My ZBook can’t deal with the 8K or 6K at full resolution. But bringing it down to ⅛ managed to get it working without too much trouble.

One takeaway: Don’t shoot 8K on a RED at such a low ratio — that will reduce the amount of data to be moved around and processed.

M1000M 2080 RTX TITAN RTX
REDCINEX
6X Footage < 1fps 23.976 23.976
8X Footage <1fps 21.08 fps 23.98*

DaVinci Resolve

Blackmagic’s DaVinci Resolve is one of the key color grading tools in the film and television industry.

Ideally, when grading your footage, you should work with the RAW, basically, the media right from the camera. So, this means that you shouldn’t use proxies for your grading. And this means a lot of processing power.

For this test, we have a couple clips at 4K. Grading is all about processing — and quite heavy processing. The first clip is using OFX: Light Rays, a gaussian blur with a mask, another gaussian blur, and then an OFX Glow. The second clip utilized a gaussian blur with a mask, OFX Light Rays with a mask, a primary color correction, and a curves adjustment.

Both RTX cards were champs with the 2080 only marginally slower than the Titan. Although, extrapolating those numbers out to much more intense processes would probably give you the 2080 at roughly 75% of the Titan. Still, it’s super impressive for being inside a laptop.

Like PremierePro, we test the playback and then the render. And yeah, the M1000M just said “Ran out of GPU Memory” — but it still processed.

M1000M 2080 RTX TITAN RTX
DaVinci RESOLVE
playback 4 fps 23.976 fps 23.976 fps
render 145 sec total 40 sec/avg 17 fps total 29 sec/avg 22 fps

MAYA + ARNOLD

The ArnoldGPU Beta benefits from the RTCores to speed up its Monte-Carlo-based render times. It also uses the NVidia Optix denoiser to smooth out noise based on deep learning. The neural network is learning about your scene as it renders, and can figure out where it should denoise. This process is being accelerated by the Tensor Cores on the GPU cards. So you are getting two calculations for the price of one.

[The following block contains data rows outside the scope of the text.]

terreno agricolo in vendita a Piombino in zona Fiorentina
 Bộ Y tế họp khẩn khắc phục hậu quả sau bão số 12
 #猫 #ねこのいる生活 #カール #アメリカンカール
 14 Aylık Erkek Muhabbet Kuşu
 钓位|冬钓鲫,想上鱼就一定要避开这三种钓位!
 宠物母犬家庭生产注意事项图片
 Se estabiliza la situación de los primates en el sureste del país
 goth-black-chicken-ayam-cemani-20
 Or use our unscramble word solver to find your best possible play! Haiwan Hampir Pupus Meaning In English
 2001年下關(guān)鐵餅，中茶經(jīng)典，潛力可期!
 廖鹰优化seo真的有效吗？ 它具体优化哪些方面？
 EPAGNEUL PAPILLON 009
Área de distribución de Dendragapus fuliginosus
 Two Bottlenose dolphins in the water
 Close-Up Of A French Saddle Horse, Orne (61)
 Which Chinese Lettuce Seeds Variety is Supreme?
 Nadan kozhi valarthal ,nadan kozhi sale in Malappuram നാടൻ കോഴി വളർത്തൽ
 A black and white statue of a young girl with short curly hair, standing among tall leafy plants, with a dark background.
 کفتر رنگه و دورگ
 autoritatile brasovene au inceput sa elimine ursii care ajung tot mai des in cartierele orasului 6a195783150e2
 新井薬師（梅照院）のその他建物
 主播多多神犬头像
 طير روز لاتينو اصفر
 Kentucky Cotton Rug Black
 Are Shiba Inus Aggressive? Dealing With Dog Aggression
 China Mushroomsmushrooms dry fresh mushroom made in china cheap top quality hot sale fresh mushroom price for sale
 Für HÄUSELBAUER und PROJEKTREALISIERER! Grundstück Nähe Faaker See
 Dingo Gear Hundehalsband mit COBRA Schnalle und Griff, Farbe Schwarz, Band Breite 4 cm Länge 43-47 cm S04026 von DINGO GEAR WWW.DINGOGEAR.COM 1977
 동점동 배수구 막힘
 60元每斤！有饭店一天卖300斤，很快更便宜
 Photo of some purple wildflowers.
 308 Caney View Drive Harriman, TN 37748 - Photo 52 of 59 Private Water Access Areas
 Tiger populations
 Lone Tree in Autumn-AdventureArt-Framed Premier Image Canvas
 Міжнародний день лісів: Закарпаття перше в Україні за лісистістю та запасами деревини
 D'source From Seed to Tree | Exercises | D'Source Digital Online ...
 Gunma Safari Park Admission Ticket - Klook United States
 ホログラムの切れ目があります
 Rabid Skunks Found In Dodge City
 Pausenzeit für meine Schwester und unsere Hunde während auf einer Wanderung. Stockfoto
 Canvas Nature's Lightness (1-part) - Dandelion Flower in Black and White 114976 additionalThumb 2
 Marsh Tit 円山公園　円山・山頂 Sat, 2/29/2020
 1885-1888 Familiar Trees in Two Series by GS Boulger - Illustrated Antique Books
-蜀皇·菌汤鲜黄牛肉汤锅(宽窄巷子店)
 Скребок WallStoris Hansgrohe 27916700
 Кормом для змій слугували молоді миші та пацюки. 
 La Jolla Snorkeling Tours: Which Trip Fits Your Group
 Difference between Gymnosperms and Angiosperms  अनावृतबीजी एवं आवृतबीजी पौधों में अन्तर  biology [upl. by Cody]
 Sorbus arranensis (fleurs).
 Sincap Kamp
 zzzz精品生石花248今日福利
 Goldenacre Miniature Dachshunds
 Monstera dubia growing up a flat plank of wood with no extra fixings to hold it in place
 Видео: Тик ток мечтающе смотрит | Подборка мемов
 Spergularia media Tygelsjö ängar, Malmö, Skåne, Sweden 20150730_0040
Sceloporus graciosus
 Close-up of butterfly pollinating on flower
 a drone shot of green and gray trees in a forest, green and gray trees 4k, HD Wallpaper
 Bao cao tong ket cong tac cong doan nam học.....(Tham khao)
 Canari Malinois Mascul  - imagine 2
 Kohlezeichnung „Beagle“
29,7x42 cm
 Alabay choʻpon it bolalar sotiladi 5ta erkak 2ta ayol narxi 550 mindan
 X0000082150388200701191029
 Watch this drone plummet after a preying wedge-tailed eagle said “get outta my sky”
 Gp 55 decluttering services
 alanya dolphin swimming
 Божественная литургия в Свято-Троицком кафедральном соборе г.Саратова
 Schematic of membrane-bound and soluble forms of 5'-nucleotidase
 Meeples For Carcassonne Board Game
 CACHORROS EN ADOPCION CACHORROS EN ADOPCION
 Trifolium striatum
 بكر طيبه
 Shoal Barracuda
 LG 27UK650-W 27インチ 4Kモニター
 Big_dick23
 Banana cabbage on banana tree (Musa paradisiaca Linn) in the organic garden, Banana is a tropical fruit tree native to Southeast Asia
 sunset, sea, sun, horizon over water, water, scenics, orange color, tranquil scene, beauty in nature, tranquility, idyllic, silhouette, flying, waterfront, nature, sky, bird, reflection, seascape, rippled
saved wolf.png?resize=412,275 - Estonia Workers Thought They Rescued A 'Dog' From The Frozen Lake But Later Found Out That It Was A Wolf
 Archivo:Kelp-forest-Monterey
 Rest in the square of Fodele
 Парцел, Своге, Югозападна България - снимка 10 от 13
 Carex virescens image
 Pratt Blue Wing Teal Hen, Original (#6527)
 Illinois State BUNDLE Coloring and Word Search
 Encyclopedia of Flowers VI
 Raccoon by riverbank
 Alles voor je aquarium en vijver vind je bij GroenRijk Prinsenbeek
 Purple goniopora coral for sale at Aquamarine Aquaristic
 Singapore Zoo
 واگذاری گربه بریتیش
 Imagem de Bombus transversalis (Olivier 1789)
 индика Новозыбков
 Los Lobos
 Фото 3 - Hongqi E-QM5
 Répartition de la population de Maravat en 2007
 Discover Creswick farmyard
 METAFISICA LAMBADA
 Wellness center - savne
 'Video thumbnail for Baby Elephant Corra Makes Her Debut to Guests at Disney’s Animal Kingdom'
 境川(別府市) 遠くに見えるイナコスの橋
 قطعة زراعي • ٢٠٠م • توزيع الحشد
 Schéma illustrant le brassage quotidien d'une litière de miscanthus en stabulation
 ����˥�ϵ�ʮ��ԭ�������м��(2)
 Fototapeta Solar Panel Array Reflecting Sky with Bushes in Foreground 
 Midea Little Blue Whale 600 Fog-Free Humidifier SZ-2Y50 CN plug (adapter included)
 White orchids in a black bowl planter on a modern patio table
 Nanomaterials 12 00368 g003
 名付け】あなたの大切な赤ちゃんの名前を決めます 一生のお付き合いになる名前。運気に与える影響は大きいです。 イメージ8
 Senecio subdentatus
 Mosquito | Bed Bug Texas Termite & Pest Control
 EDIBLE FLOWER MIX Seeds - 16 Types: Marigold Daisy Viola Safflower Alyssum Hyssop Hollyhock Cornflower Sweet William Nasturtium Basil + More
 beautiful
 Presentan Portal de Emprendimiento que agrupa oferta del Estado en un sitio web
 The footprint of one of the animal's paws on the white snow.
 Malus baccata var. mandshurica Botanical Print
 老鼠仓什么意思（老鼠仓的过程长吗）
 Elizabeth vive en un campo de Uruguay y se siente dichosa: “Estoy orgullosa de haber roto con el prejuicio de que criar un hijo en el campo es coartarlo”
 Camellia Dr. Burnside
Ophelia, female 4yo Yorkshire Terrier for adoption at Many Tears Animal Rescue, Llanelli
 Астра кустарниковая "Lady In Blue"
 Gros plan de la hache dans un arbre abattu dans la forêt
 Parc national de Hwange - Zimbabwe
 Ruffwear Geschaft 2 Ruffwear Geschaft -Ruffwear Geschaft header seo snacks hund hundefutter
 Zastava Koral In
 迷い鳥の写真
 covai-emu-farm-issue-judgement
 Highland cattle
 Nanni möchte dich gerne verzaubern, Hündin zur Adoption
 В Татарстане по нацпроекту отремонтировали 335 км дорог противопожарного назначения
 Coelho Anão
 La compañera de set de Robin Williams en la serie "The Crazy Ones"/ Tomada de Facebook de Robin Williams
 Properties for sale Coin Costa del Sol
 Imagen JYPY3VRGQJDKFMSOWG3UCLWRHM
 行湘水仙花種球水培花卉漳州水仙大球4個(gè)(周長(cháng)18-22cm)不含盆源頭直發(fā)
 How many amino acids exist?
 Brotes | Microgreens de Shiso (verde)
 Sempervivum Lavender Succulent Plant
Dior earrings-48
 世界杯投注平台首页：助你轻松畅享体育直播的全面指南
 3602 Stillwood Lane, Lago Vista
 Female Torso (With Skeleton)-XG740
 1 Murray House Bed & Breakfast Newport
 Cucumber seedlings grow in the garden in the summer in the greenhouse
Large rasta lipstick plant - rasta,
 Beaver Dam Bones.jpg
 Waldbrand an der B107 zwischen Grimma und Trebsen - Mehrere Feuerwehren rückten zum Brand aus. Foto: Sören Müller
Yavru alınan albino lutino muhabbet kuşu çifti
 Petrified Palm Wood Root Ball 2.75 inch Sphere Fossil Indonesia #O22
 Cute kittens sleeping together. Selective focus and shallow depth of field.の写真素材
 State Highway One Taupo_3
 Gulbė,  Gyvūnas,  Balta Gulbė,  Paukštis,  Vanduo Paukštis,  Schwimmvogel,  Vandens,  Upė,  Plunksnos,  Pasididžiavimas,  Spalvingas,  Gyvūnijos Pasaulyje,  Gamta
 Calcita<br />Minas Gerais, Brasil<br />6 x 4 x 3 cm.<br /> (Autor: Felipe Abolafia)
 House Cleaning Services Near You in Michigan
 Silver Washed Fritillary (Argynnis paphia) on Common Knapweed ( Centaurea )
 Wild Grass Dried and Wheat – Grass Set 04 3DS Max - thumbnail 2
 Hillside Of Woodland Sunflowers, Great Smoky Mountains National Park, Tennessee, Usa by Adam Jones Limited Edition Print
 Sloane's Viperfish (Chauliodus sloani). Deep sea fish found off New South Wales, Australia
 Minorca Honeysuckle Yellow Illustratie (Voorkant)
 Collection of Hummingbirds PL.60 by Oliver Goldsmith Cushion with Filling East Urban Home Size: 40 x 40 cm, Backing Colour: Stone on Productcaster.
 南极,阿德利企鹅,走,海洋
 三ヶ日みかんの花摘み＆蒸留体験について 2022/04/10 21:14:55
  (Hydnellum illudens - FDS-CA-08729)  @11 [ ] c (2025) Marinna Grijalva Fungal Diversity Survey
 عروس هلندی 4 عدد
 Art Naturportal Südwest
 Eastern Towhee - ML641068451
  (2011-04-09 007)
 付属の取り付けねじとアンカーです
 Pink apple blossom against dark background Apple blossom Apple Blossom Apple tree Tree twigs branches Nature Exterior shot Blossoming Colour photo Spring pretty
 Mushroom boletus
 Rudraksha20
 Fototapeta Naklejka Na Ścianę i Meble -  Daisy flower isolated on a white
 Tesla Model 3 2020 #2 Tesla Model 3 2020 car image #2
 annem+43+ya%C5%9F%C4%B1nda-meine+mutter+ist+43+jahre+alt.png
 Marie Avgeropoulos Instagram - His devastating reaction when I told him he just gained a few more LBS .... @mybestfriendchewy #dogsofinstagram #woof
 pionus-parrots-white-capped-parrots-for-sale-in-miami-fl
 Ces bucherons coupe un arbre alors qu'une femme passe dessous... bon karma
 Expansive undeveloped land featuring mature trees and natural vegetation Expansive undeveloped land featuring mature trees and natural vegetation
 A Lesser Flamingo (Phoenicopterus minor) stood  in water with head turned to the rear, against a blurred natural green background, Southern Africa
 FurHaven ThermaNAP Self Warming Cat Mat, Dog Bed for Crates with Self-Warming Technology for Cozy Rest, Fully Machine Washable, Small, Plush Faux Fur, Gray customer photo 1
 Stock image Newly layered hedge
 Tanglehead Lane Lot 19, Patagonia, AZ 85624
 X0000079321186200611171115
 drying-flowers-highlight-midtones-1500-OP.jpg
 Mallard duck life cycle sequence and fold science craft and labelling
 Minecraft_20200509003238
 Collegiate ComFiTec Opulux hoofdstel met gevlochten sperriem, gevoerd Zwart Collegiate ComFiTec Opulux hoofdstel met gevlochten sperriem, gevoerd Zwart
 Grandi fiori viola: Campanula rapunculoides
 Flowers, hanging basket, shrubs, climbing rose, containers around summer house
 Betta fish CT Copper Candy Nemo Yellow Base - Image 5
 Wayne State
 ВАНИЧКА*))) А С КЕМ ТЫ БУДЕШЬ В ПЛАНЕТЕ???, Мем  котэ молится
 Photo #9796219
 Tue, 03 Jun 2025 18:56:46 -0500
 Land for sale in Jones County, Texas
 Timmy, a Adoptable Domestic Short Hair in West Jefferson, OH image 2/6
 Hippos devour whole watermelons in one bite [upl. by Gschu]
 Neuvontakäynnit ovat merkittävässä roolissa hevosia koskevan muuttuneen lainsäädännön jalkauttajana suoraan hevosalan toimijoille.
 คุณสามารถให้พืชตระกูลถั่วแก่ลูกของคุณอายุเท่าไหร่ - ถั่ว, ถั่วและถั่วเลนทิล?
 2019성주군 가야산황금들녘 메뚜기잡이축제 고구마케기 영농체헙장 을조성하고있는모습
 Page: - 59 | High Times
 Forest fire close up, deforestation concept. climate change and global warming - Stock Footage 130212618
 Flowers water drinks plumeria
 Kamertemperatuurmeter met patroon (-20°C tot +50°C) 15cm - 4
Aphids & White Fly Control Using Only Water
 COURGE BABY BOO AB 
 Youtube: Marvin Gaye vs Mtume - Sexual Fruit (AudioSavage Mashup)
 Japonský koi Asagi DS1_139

The test consists of a robot character with glossy reflections inside an interior HDR along with six or seven area lights. The render times are taken from GPU mode and CPU mode, rendering to the Arnold Render View. The same two renders (GPU/CPU) are launched in the standalone Arnold from the command prompt. This provides a more accurate render time than the interactive window because the goal of the standalone is to “render to completion”, while the interactive is “render to presentable”. Plus you have the benefit of the denoiser in interactive mode to get to “presentable” even faster.

I left the M1000M out of this race. But as you can see from the results, the TitanRTX and 2080 RTX are performing in first place and second place respectively. But the differences aren’t crazy. Extrapolating them out to substantially longer renders will expand those differences.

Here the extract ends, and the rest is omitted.